• **Problem details**: Transcribe word for word the section of the records below that opens with the line containing "Rear view of" and closes with the line containing "Silhouette of singer on stage"; drop every picture.

• **Provided data**:
- - - - - - -

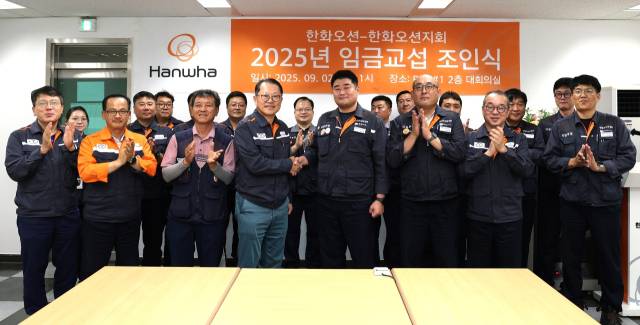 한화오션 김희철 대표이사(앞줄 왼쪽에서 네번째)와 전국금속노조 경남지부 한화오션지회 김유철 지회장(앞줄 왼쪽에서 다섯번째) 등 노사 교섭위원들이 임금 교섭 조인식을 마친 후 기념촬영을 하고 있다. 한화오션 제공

- - - - - - -

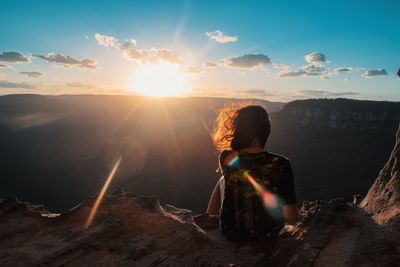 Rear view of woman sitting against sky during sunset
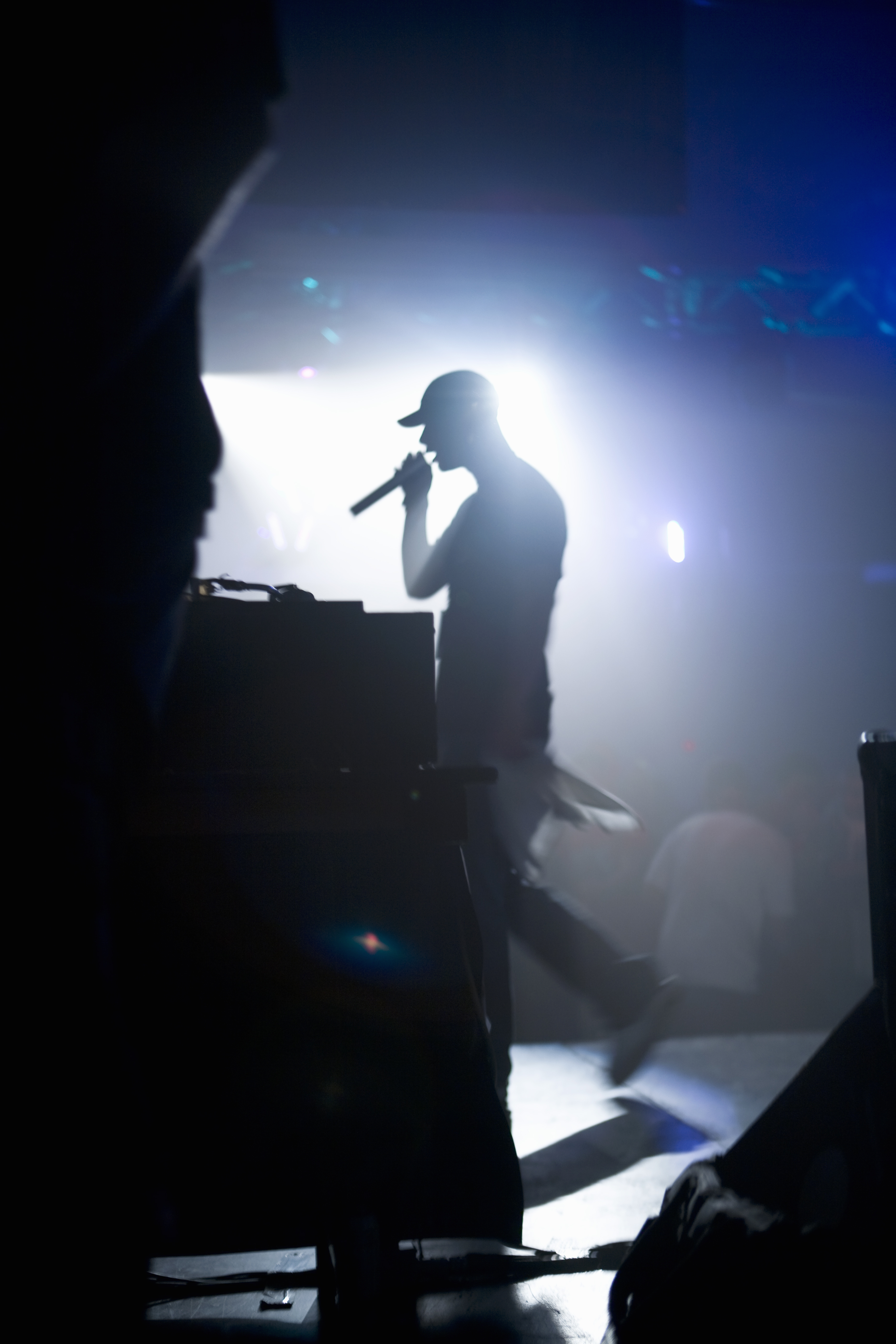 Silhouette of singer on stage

- - - - - - -

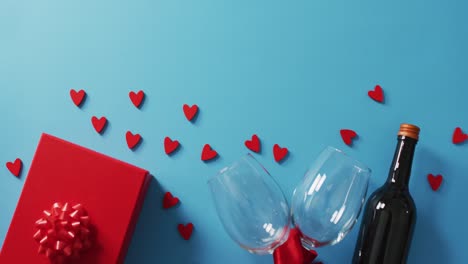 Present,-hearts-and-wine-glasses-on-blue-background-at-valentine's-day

- - - - - - -

• **Your response**:
 Rear view of woman sitting against sky during sunset
 Silhouette of singer on stage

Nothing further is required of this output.